_Material for the task_
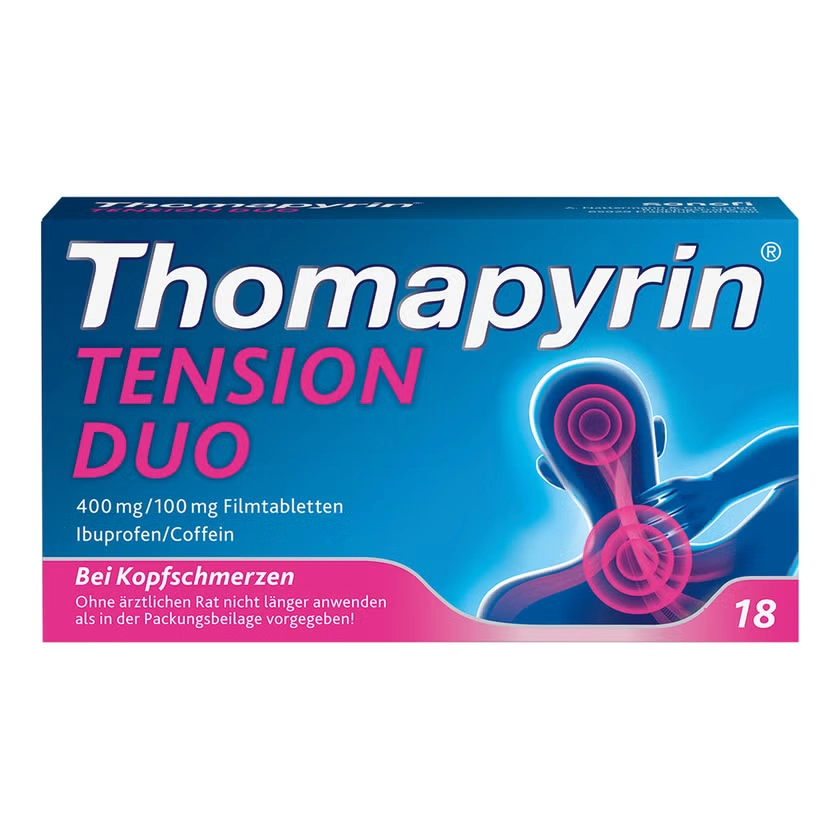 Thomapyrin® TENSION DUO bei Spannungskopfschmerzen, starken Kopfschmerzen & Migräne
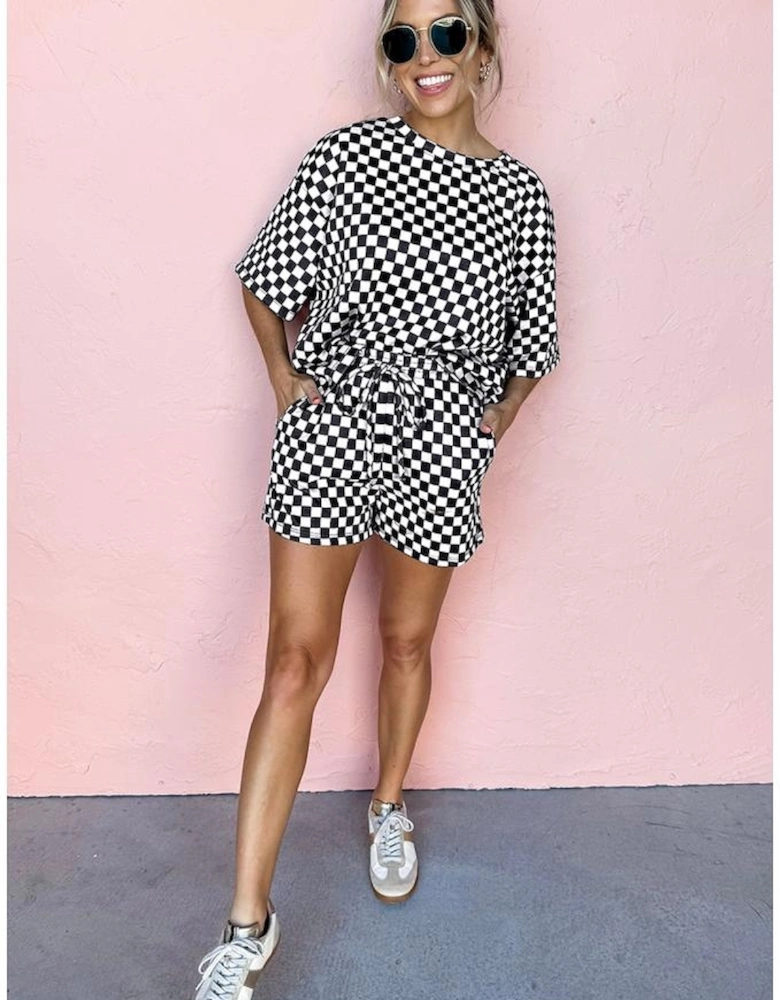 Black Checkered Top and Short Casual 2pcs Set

---

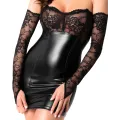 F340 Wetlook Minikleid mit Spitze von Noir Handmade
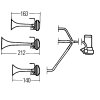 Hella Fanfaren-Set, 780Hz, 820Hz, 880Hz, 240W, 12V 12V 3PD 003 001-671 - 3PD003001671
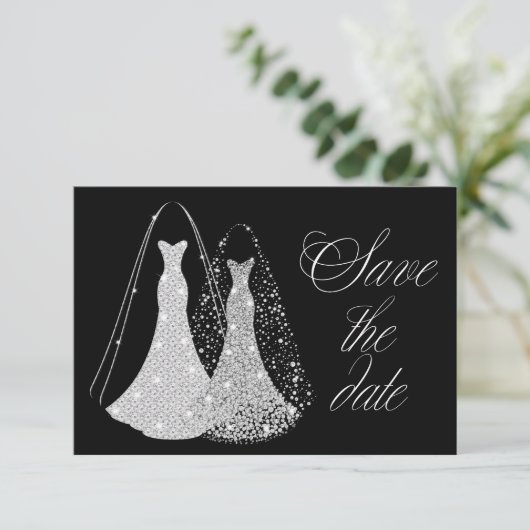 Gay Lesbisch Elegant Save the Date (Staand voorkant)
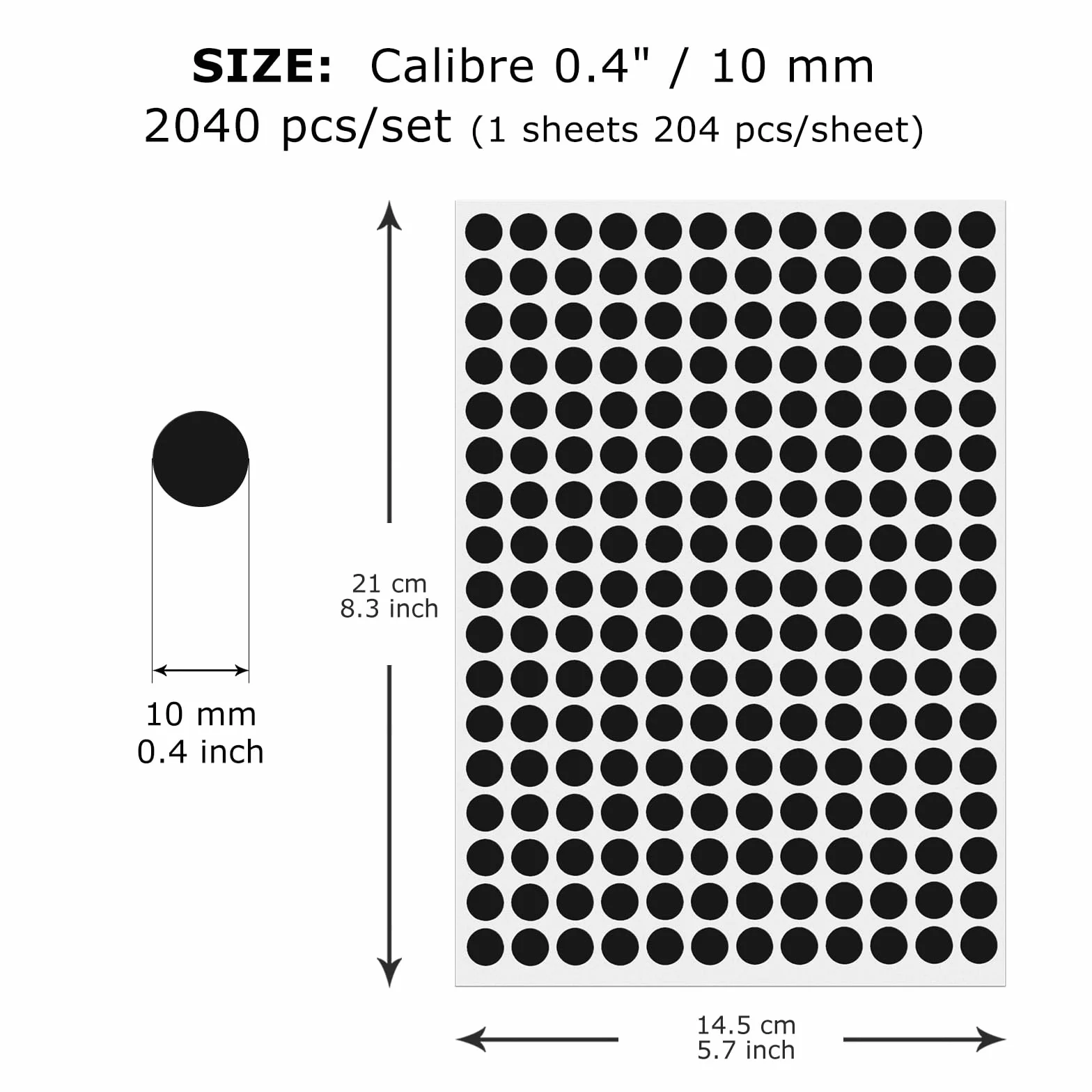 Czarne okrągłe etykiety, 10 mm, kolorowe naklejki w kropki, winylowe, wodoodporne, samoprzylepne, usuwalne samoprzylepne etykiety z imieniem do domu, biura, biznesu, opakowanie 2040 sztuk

_Task instructions_
Above are some records; extract exactly the lines from the one containing "Gay Lesbisch Elegant" through the one containing "Czarne okrągłe etykiety, 10" and drop the pictures.

_The answer_
 Gay Lesbisch Elegant Save the Date (Staand voorkant)
 Czarne okrągłe etykiety, 10 mm, kolorowe naklejki w kropki, winylowe, wodoodporne, samoprzylepne, usuwalne samoprzylepne etykiety z imieniem do domu, biura, biznesu, opakowanie 2040 sztuk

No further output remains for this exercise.